ABSTRACT - Pharm Core 5 To be tested in efficacy studies and advance to preclinical development, small molecule antivirals must have the right balance of potency, exposure (pharmacokinetics, PK), and therapeutic index (acceptable ratio between efficacious and toxic concentrations). The Pharmacology Core will support advancement of promising hits and leads through tiered absorption, distribution, metabolism, and elimination (ADME) assessment and harmonized gating criteria, selecting compounds and chemical scaffolds with the essential attributes for efficacy studies and preclinical development. The Core will leverage a fully integrated analytical platform and state-of-the-art animal facility available at the Center for Discovery and Innovation, Hackensack Meridian Health (Nutley, NJ) to assist the assembled team. The Core Leader, Dr Véronique Dartois, has extensive experience in the pharmacological evaluation of anti-infective compounds, including 8 years supporting anti-Dengue drug discovery programs in the pharmaceutical industry. To support hit-to-lead programs, we will carry out physicochemical and in vitro PK profiling as well as basic formulation development and in vivo snapshot PK in mice via different routes of administration.

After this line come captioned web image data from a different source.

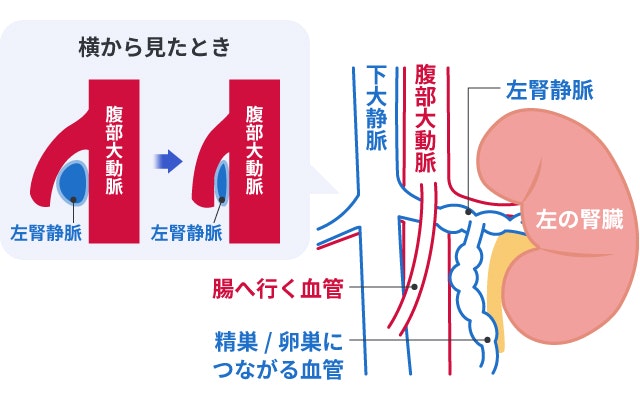 ナットクラッカー症候群を説明する図です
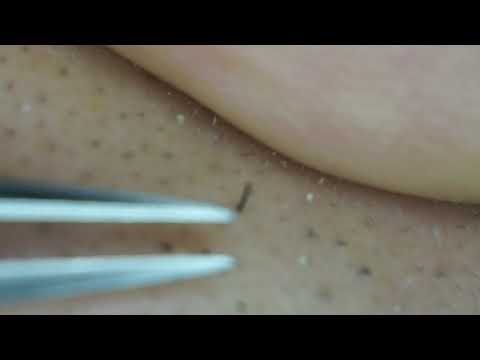 Hair removal news【UNWANTED hair ASMR 2020】20200510kill time,hair removal news,relax time,pull out
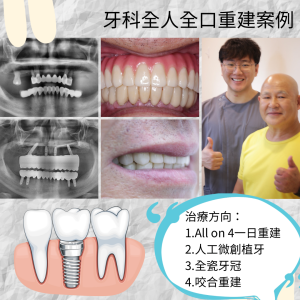 All on 4全口重建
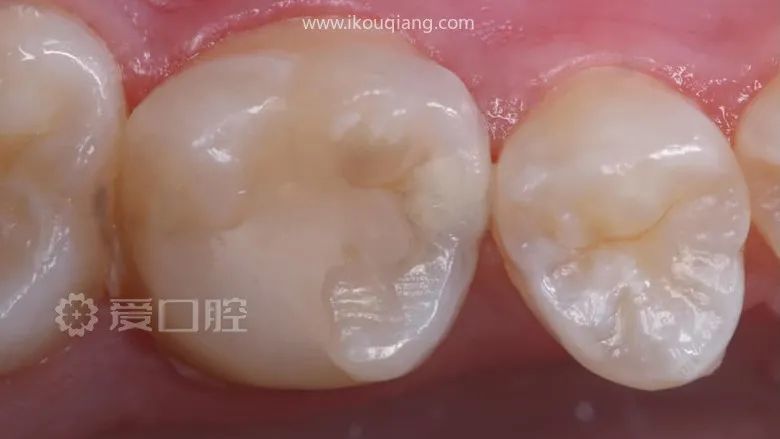 往期推荐上颌3-3贴面修复1例上颌第一磨牙根管再治疗1例补牙也是门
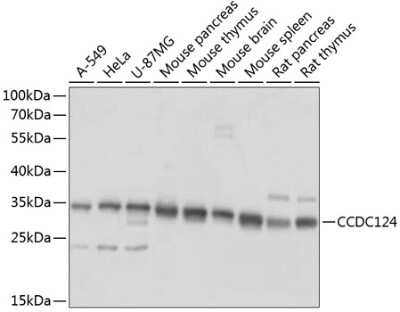 Western Blot: CCDC124 Antibody [NBP2-92740] - Analysis of extracts of various cell lines, using CCDC124 at 1:1000 dilution.Secondary antibody: HRP Goat Anti-Rabbit IgG (H+L) at 1:10000 dilution.Lysates/proteins: 25ug per lane.Blocking buffer: 3% nonfat dry milk in TBST.Detection: ECL Basic Kit .Exposure time: 1s.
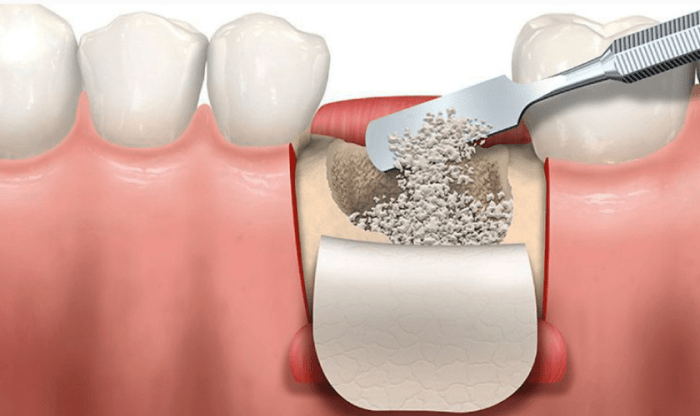 How long do bone grafts take to heal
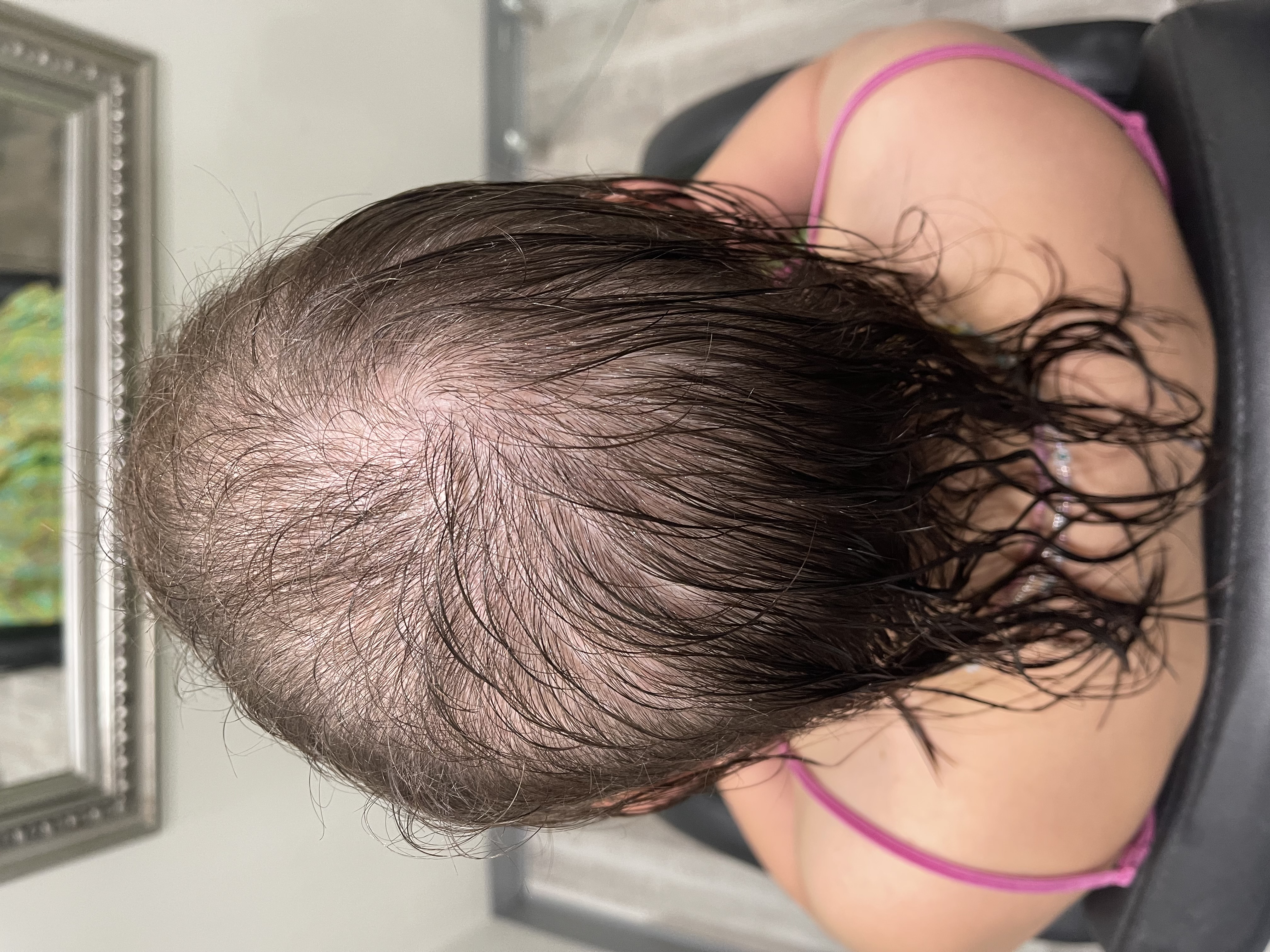 a young woman with female pattern baldness in the 20s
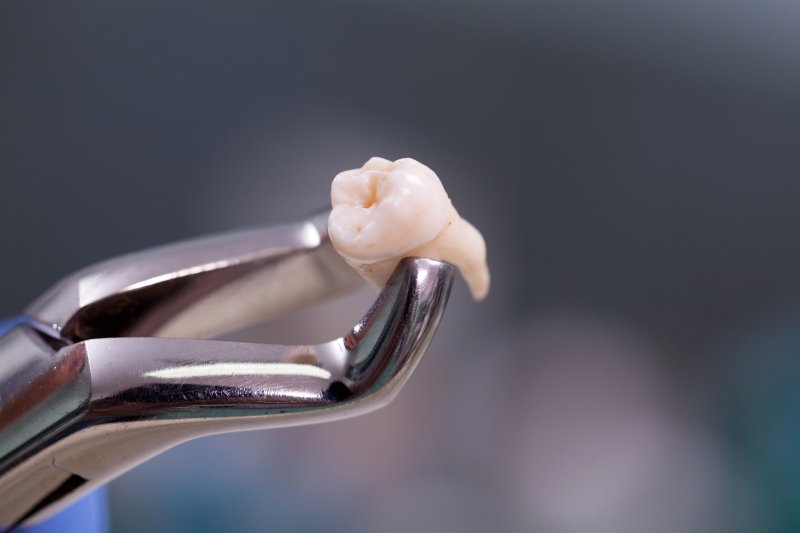 A closeup of an extracted tooth held by dental forceps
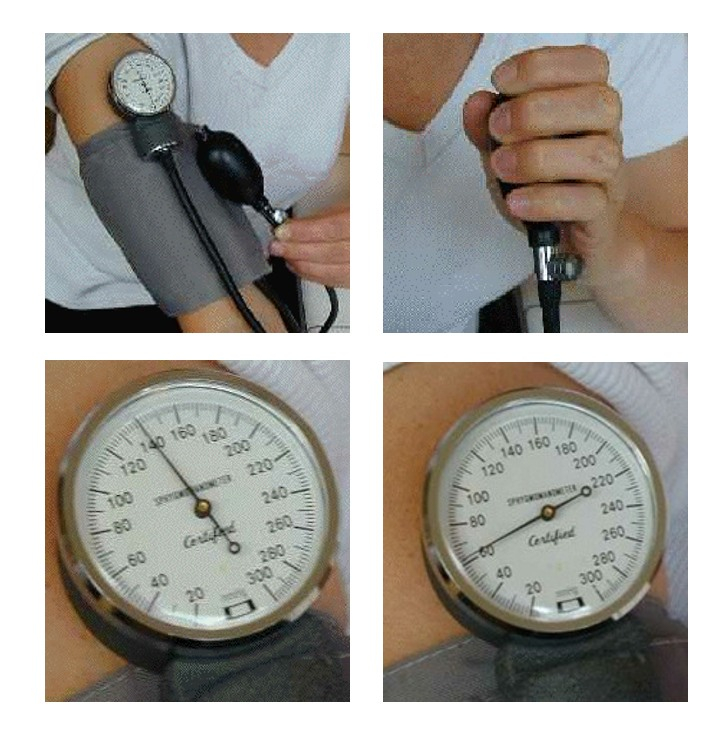 Utilisation du sphygmomanomètre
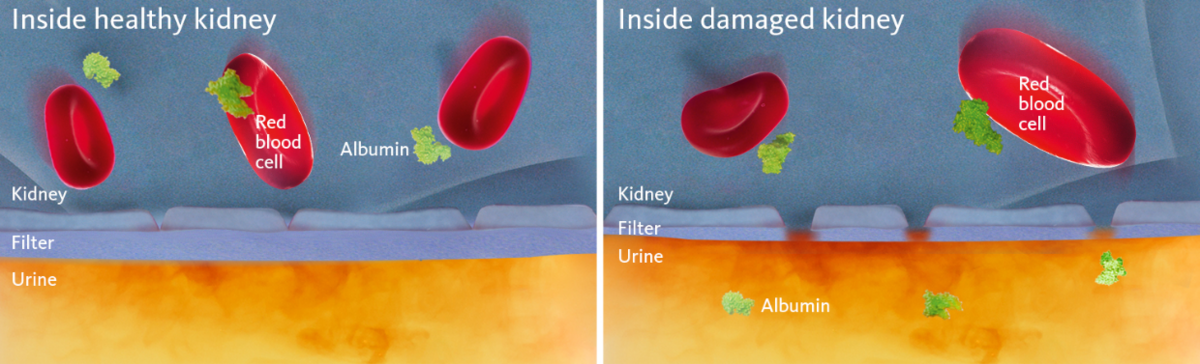 [.CZ-cz Czech Republik (czech)] •	Schematic and simplified view of a healthy and a damaged kidney membrane with the latter illustrating the cause of albuminuria.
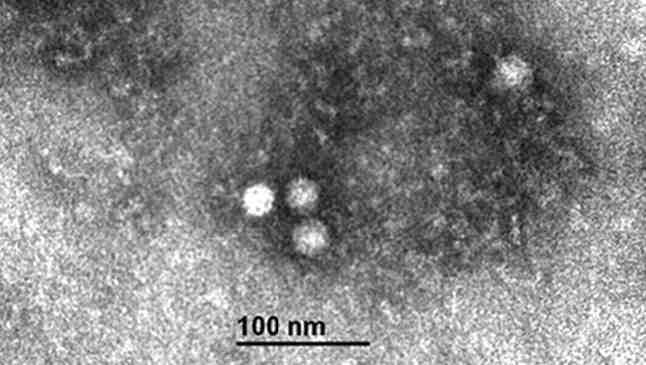 2017 병원체생물안전정보집 ( 제 2, 3, 4 위험군 ) 25 Human bocavirus 위험군 : 제 2위험군 국내범주 :- 특 성 : 과, 속, ssdna, 피막없음 출처 :Tina Ursic, et al. J. Clin. Microbiol. Mar.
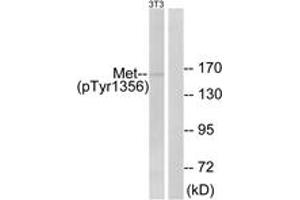 Western blot analysis of extracts from NIH-3T3 cells, using Met (Phospho-Tyr1356) Antibody. (c-MET Antikörper  (pTyr1356))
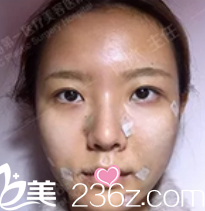 北京联合丽格悦生线面部提升当天样子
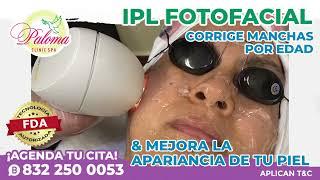 ELIMINA LAS MANCHAS CON FOTOFACIAL IPL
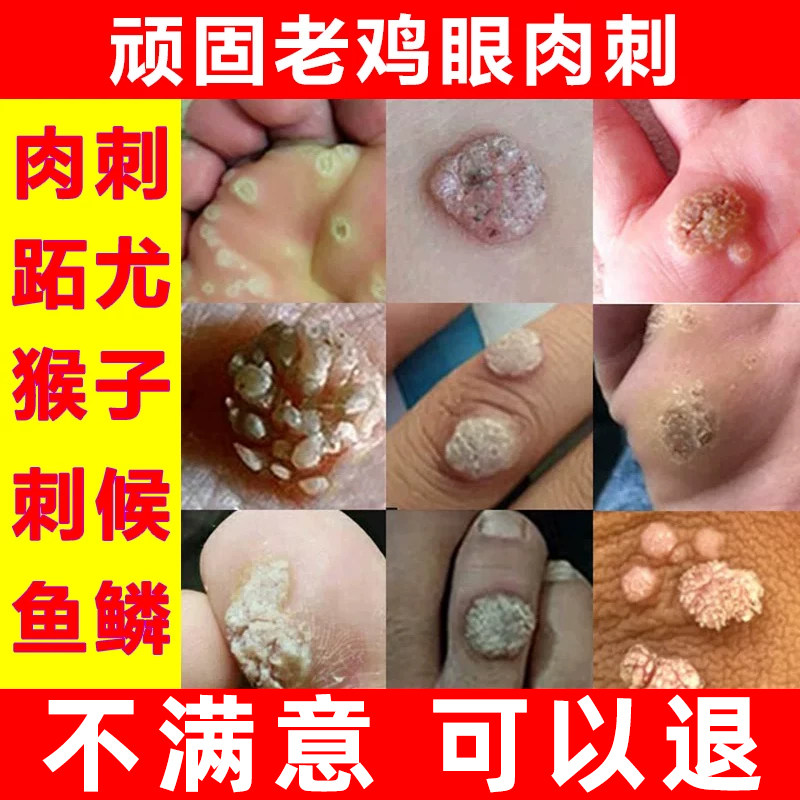 佰草钟医跖疣鸡眼膏寻常疣去除手上足部脚底脚趾上长鸡眼跖疣专用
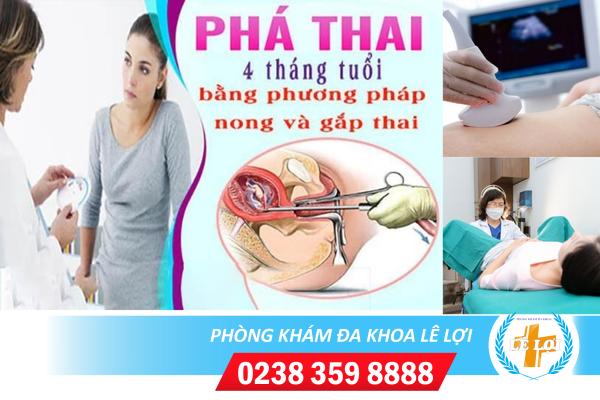 Phá thai 4 tháng tuổi và những điều cần biết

The data will be used to establish structure-activity relationships, to nominate leads and guide compound progression towards efficacy evaluation, according to conventional phase transition criteria. To support lead optimization programs, we will perform safety screens, full mouse and hamster PK, tissue distribution in pulmonary fluid and nasal compartments, intracellular uptake, and prodrug conversion studies. In close collaboration with all Projects and the Animal Model Core, we will integrate (i) plasma and pulmonary PK, (ii) plasma protein binding, (iii) uptake in relevant cell lines to factor in active transport/efflux processes, and (iv) potency measurements, to calculate pharmacokinetic-pharmacodynamic indices in plasma and at the site of infection, and to propose doses for tolerability and efficacy studies. Plasma and tissue concentrations will be monitored during murine and hamster efficacy studies. Harmonized threshold metrics will guide lead optimization and go-no/go decisions to minimize the risk of PK- and toxicity-related attrition later in the drug development process.

摘要 - 医药核心 5 为了在功效研究中进行测试并进入临床前开发，小分子抗病毒药物必须具有 效力、暴露量（药代动力学，PK）和治疗指数（之间可接受的比率）的正确平衡 有效和毒性浓度）。药理学核心将支持有希望的命中和进展。 通过分层吸收、分布、代谢和消除（ADME）评估和协调 门控标准，选择具有功效研究基本属性的化合物和化学支架 临床前开发。核心将利用完全集成的分析平台和最先进的动物。 哈肯萨克子午线健康中心（新泽西州纳特利）发现和创新中心提供设施来协助 核心领导者 Véronique Dartois 博士在药理学方面拥有丰富的经验。 抗感染化合物的评估，包括 8 年支持抗登革热药物发现计划 制药业。 为了支持先导化合物计划，我们将进行理化和体外 PK 分析以及基本分析 制剂开发和小鼠通过不同给药途径的体内快照 PK 数据将是。 用于建立结构-活性关系、提名先导化合物并指导化合物进展 根据传统的相变标准进行功效评估，以支持先导化合物优化计划， 我们将进行安全筛选、完整的小鼠和仓鼠 PK、肺液和鼻腔中的组织分布 与所有项目和药物密切合作进行隔室、细胞内摄取和前药转化研究。 在动物模型核心中，我们将整合 (i) 血浆和肺部 PK，(ii) 血浆蛋白结合，(iii) 摄取 在相关细胞系中考虑主动运输/流出过程，以及（iv）效力测量，以计算 血浆和感染部位的药代动力学-药效学指数，并建议剂量 将在小鼠和仓鼠期间监测血浆和组织浓度。 统一的阈值指标将指导先导化合物优化和继续/不继续决策，以最大限度地减少疗效。 药物开发过程后期出现 PK 和毒性相关损耗的风险。